Actual knock-knock joke our preschooler told at dinner a couple weeks ago (with our responses):

(Who's there?)

(Banana who?)

(Who's there?)

(Banana who?)

(Who's there?)

(Pickle who?)

Pickle you glad I didn't say "Banana"! [Cackles with laughter]


Happy National Pickle Day.

Sunday, November 04, 2018

Exactly how were we *saving* daylight?

If since March 11 we've been "saving" daylight then conceivably we should have a seven-month stockpile from which we could redeem some of that saved-up daylight and not have it be so dark when we leave work tomorrow.

"Daylight Saving Time" my ass; it was Daylight Having Time and we squandered it during summer when there was plenty of daylight already.

(Clearly linguists were not consulted when the policy was named.)

Tuesday, October 09, 2018

A couple moments with my son

Tonight after I put our son in bed and turned out the light he said, "Let's talk about our day, Daddy." And so I asked him about school, and he answered. Then he said (for the first time ever), "How was your day?" And I told him it was fine, which is as much as he needed to know about what it's like to be a grown-up, despite how mature he sounded when asking.


Earlier in the evening, without establishing any context, he had talked about how "my friends say 'poo' which has an 'o' on the end, but 'poop' has a 'p' on the end" and he was quite certain he was right and they were saying it wrong, and his pedantry was too cute for me to mention either variant is acceptable. Nor did I elaborate on how either is just what grown-ups say around young children to avoid saying words they don't want to have to explain to the teachers.

But whatever elicited his remark it surely revolved around how either "poo" or "poop" is something that is hilarious in preschool. And I'm glad he's not growing up too fast to stop enjoying that.

Sunday, September 16, 2018

Karma has no room in LA traffic

(My descent into turning into my father is complete. I'm going to talk about how long it took to get somewhere.)

Setting the stage: For my typical morning commute to work I take mostly side streets, and the key point is where I must cross a set of tracks for a light-rail line (as there are only a limited number of crossing points). Recently construction on the closest large boulevard has closed that and caused much more traffic to the smaller two-lane street I use.

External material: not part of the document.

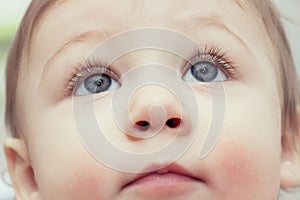 Close up of young child`s blue eyes looking up - Toddler health care concept background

At the intersection just before the tracks there is the street that proceeds straight north to the tracks and a perpendicular street where cars coming east turn left or cars coming west turn right to get on to the aforementioned northbound street. But with all the extra traffic cars back up in all three directions, because not only can the tracks be blocked when trains go by but just on the far side of the tracks is another intersection with a traffic light. So that light turns red, the northbound street backs up all the way to the previous intersection, leaving no room for more cars to proceed through at that one.

At least they shouldn't. But that doesn't stop some oblivious or inconsiderate drivers from pulling into the intersection even though there isn't room on the other side, thereby blocking the intersection when the light changes and the westbound cars (that aren't turning) cannot go.

I try not to be such an person, which seems like should be karmically good.

Saturday, September 15, 2018

Dino jingle

While reading a book about dinosaurs to our preschooler last night we came upon Ceratosaurus, and he said, "It sounds like 'Cerritos'." And I agreed that it did somewhat resemble the name of that Southern California town.

Then he sang the "Yes... Cerritos Auto Square--dot com!" jingle from the commercial for the car dealers, which presumably he'd heard on the radio while riding with Mommy.

This is why I only listen to the iPod or NPR when I'm driving in the car with him. Kids are sponges.